Del periodo bizantino, risalente al secolo X, secondo studi recenti, la chiesa potrebbe essere datata addirittura al VII-VI secolo. Si tratta di un edificio di culto di notevole interesse storico e archeologico, situato in un’altura a ridosso della valle dove scorre il rio Tattinu.
La chiesetta misura 10×9 m. e la sua pianta è quadrifida a croce greca. È costituita da bracci regolari, di cui uno ricostruito nei primi anni del Novecento, poiché presumibilmente crollato. Questo braccio evidenzia un piccolo campanile a vela e la parte centrale dell’edificio è sormontato da una volta emisferica a botte. L’altare è situato sul lato occidentale, mentre gli ingressi si aprono sul lato meridionale e sul lato occidentale. La muratura esterna è composta prevalentemente da pietre irregolari locali di natura calcarea e scistosa; agli spigoli, invece, si utilizzano pietre vulcaniche di provenienza non locale. Queste risultano tagliate e lavorate con maggiore regolarità e sono costituite da blocchi di medie dimensioni. L’unica decorazione della facciata è costituita da una sobria cornice, formata da rozze pietre sporgenti che si imposta sotto gli spioventi del tetto che percorre la costruzione lungo tutta la sua lunghezza. Le piccole dimensioni ricordano le altre chiesette della Sardegna costruite nella seconda metà del I° millennio d.C. Esternamente la chiesa assume una forma a tronco di piramide sormontato da una cupola conoide. Il periodo di costruzione è incerto. La costruzione risale forse ai tempi dell’esodo dei monaci d’Oriente nei secoli VI e VII secolo a causa dell’espandersi dell’Islamismo.

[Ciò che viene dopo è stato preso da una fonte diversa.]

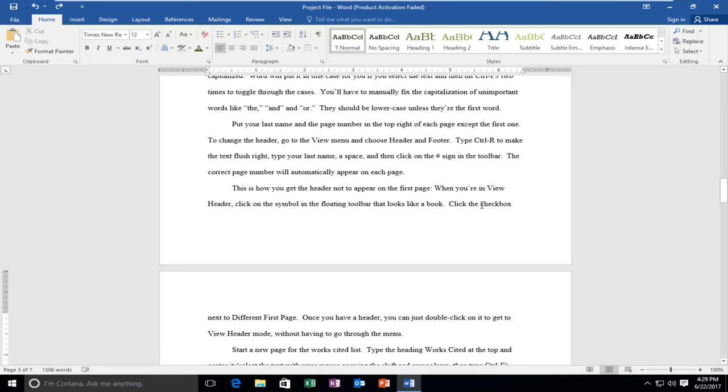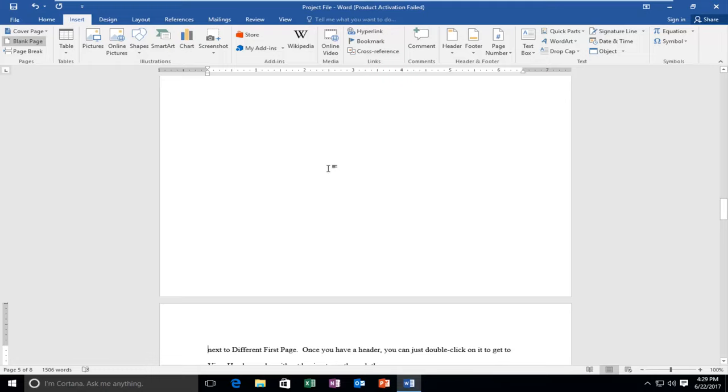Once I've clicked there, I'm going to go up to the Insert tab. It should be the third tab from the left side. Then I'll left-click on Blank Page.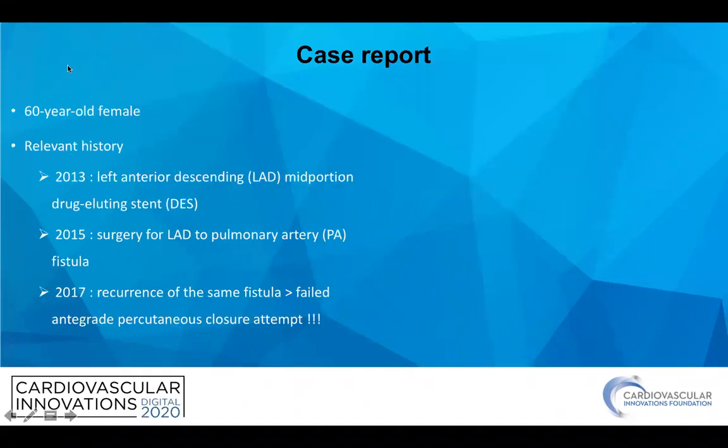Our patient was a 60-year-old female. On her own history, she had an LAD stenting procedure in 2013, and after two years she had a surgery for LAD-pulmonary artery fistula formation. Unfortunately, in 2017, because of the recurrence of the same fistula, she had a failed antegrade attempt to close this fistula formation.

I monaci costruivano nell’entroterra più sicuro anche dalle incursioni sia chiese che conventi. La presenza di “furriadroxius”, piccoli agglomerati urbani nelle vicinanze, farebbe supporre che vi abitassero i monaci presumibilmente Carmelitani legati in modo particolare al culto di Sant’Elia Profeta. Negli anni Novanta è stato eseguito un restauro e sono stati ritrovati i resti di religiosi sepolti nella sistemazione interna, poi traslati in teche di ottone e interrati all’interno della chiesa.